Chapter 4. Conclusion: Empire and its Nemesis

He describes modern Western nation-building as ‘imperial’ because:

  • its essential purpose is to create stability in border zones essential to the security of the great powers
  • the entire project rests on the superior armed might of the West
  •  no matter how much ‘autonomy’ is given to local rulers, real power rests in Washington

In addition, he points out how all empires have to ration their interventions. It is a sage point, which sheds light on the British Empire. You have limited resources: which of the world’s endless trouble spots can you afford to address? Ignatieff points out the basic hypocrisy of ‘humanitarian intervention’ which is that it is only carried out in places which are convenient or important to the West. The West is never going to intervene in Chechnya or Crimea or Xinjiang because they are the preserves of other empires.
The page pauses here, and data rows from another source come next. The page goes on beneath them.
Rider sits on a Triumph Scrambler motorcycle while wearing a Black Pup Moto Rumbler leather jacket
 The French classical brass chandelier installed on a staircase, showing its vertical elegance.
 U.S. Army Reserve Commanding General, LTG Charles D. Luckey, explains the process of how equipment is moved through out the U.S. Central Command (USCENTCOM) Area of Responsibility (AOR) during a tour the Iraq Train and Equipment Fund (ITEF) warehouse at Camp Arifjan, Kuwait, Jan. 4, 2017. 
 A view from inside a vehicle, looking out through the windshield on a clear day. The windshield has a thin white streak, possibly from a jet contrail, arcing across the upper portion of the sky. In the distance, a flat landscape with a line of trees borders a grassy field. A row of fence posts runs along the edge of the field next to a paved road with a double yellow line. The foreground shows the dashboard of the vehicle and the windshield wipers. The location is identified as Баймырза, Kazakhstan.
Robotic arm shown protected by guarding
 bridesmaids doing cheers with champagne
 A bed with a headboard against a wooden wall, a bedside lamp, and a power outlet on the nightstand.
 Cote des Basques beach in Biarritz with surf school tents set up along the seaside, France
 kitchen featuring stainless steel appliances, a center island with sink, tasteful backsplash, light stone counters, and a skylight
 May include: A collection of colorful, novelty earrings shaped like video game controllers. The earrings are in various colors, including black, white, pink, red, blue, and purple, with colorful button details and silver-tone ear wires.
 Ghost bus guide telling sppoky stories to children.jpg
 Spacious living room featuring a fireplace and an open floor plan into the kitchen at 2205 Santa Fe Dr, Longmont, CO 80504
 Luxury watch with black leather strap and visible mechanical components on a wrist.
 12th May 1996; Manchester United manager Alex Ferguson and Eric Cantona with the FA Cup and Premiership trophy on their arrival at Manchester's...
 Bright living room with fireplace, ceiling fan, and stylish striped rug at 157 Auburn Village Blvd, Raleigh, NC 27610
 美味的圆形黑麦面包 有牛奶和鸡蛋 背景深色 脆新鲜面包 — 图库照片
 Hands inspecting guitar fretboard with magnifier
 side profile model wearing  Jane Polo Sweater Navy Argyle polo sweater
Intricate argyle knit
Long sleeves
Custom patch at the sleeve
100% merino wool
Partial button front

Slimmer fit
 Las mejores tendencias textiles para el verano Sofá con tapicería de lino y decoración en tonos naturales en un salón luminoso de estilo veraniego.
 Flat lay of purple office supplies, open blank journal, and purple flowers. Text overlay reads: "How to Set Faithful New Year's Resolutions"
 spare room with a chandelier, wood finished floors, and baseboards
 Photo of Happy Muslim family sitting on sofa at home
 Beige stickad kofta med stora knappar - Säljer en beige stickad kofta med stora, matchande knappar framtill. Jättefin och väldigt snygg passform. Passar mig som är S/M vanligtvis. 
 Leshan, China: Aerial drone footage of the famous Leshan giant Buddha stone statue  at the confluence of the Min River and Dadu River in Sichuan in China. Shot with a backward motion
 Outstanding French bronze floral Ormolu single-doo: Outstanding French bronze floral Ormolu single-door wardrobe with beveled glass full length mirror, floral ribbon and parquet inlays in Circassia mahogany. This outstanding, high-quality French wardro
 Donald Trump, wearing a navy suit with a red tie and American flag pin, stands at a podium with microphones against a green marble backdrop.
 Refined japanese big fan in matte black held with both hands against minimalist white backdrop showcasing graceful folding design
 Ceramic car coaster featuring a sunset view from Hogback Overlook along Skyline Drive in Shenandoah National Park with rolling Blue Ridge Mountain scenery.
The new imperialism is not only lite it is impatient. The British gave themselves generations to prepare the populations of India for independence. The UN gives places like Kosovo or Afghanistan 3 years before they have to hold their first elections. Hurry up! This is costing us money!

No imperialists have ever been so impatient for quicker results. (p.115)

Why? The short attention span of the modern media, always hurrying on to the next story. (It took, by my calculation, about ten days from the American departure from Afghanistan being the biggest story in the whole world to being completely ignored and forgotten about.) And the election cycle in democracies. Whatever plans you put in place now, at the next election in a few years’ time the leader of the opposition party will be promising to bring our boys home and save everyone a shedload of money.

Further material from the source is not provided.